Continuaremos fazendo de nossas comunidades espaços de protagonismo, de cuidado e de solidariedade com a criação: na defesa das florestas, dos rios, do ar, das pessoas; no respeito e no cultivo da diversidade; na promoção de uma agricultura familiar e ecológica e de uma economia solidária.

Celebrando o jubileu do seu martírio, ainda no tempo da Paixão do mártir Jesus, reafirmamos que Josimo vive na esperança do povo que hoje escuta e dá continuidade ao seu legado cristão libertador. Como Igreja, não queremos esquecer essa memória. Sua mensagem continua vivíssima e sua vida um exemplo para as novas gerações (cuja participação foi significativa neste nosso encontro). As lembranças, os fatos, as palavras do nosso irmão são, para nós, testemunho de um amor muito maior do que a perseguição e a morte; e, ao mesmo tempo, de juízo sobre a história e de compromisso renovado na luta pelo Reino de Justiça que é Reino de Deus.

Continuaremos lutando para defender a dignidade humana; procurando eliminar as formas de opressão existentes; denunciando as diversas injustiças sociais. Instruindo, conscientizando, iluminando nosso povo para que ele acorde, enxergue a verdade, re-adquira sua dignidade e se mobilize para sua libertação e, assim, procure fomentar uma nova sociedade conforme ao plano de Deus sobre o homem e sobre o mundo.

“Nas mãos do povo, nas línguas da história: o desafio da nova sociedade.
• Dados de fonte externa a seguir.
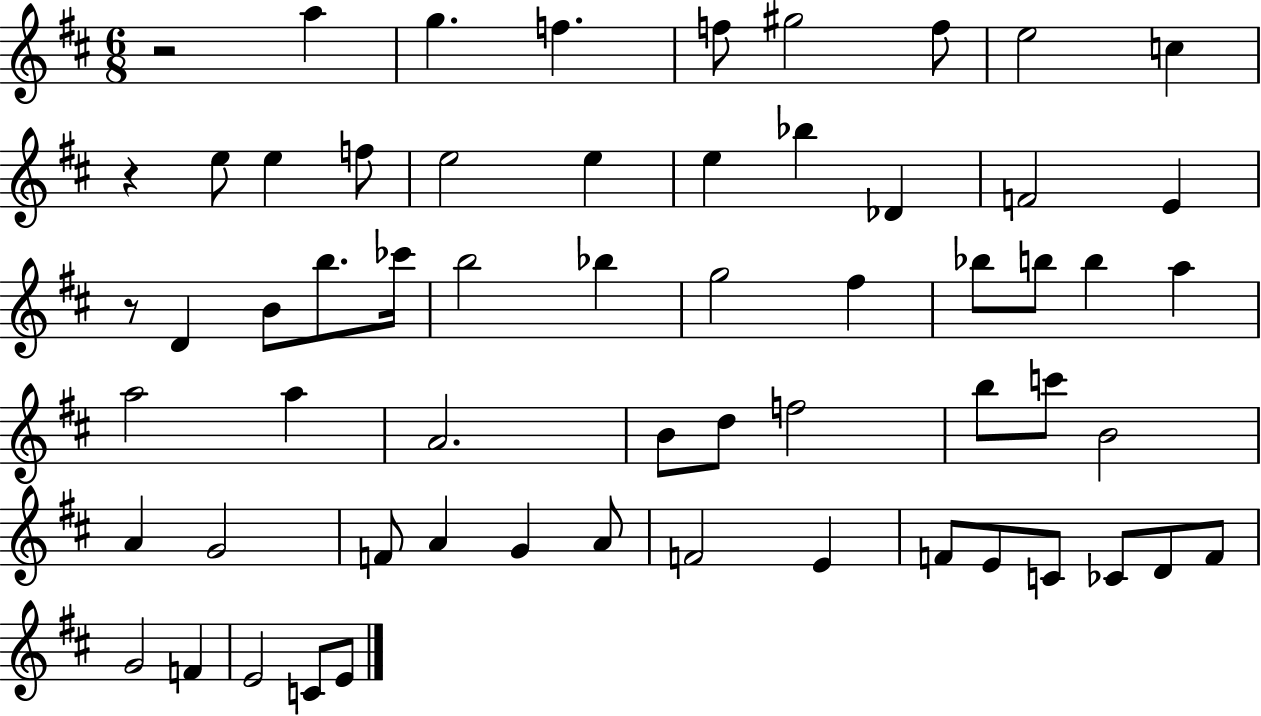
X:1
T:Untitled
M:6/8
L:1/4
K:D
z2 a g f f/2 ^g2 f/2 e2 c z e/2 e f/2 e2 e e _b _D F2 E z/2 D B/2 b/2 _c'/4 b2 _b g2 ^f _b/2 b/2 b a a2 a A2 B/2 d/2 f2 b/2 c'/2 B2 A G2 F/2 A G A/2 F2 E F/2 E/2 C/2 _C/2 D/2 F/2 G2 F E2 C/2 E/2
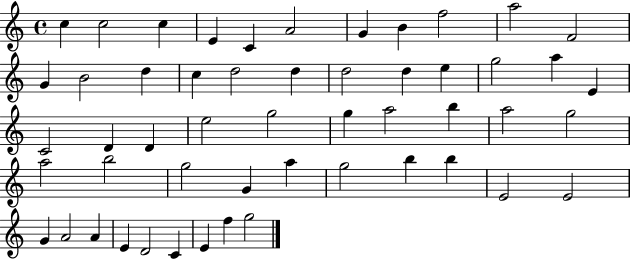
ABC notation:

X:1
T:Untitled
M:4/4
L:1/4
K:C
c c2 c E C A2 G B f2 a2 F2 G B2 d c d2 d d2 d e g2 a E C2 D D e2 g2 g a2 b a2 g2 a2 b2 g2 G a g2 b b E2 E2 G A2 A E D2 C E f g2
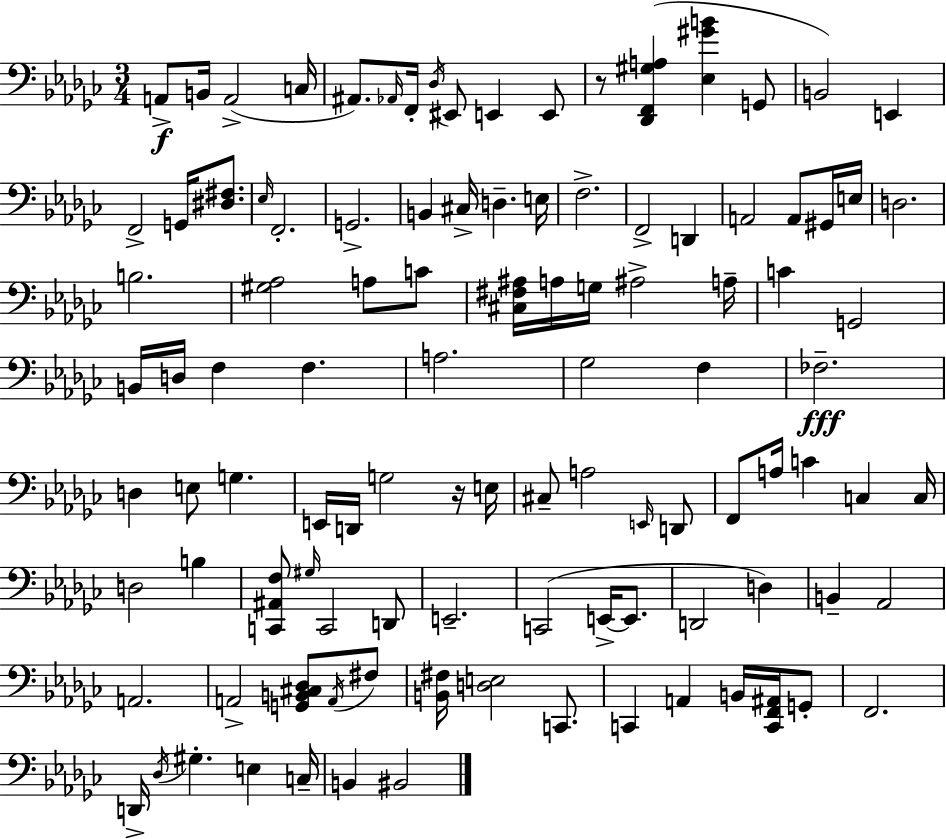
X:1
T:Untitled
M:3/4
L:1/4
K:Ebm
A,,/2 B,,/4 A,,2 C,/4 ^A,,/2 _A,,/4 F,,/4 _D,/4 ^E,,/2 E,, E,,/2 z/2 [_D,,F,,^G,A,] [_E,^GB] G,,/2 B,,2 E,, F,,2 G,,/4 [^D,^F,]/2 _E,/4 F,,2 G,,2 B,, ^C,/4 D, E,/4 F,2 F,,2 D,, A,,2 A,,/2 ^G,,/4 E,/4 D,2 B,2 [^G,_A,]2 A,/2 C/2 [^C,^F,^A,]/4 A,/4 G,/4 ^A,2 A,/4 C G,,2 B,,/4 D,/4 F, F, A,2 _G,2 F, _F,2 D, E,/2 G, E,,/4 D,,/4 G,2 z/4 E,/4 ^C,/2 A,2 E,,/4 D,,/2 F,,/2 A,/4 C C, C,/4 D,2 B, [C,,^A,,F,]/2 ^G,/4 C,,2 D,,/2 E,,2 C,,2 E,,/4 E,,/2 D,,2 D, B,, _A,,2 A,,2 A,,2 [G,,B,,^C,_D,]/2 A,,/4 ^F,/2 [B,,^F,]/4 [D,E,]2 C,,/2 C,, A,, B,,/4 [C,,F,,^A,,]/4 G,,/2 F,,2 D,,/4 _D,/4 ^G, E, C,/4 B,, ^B,,2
Como se descama o peixe, e com sal lhe devolve o gosto ardente que sacia a fome aguda de quem navega a liberdade, assim os pequenos e oprimidos, em passos de esperança, arrancarão de nossa história o medo e, com palavras vivas de quem luta, canta e clama, nutrirão as entranhas do tempo com o sangue do direito e da justiça. Homens e mulheres, cada ser do universo, construirão o movimento inesgotável da libertação definitiva”. (Desafio, poema de Josimo Tavares).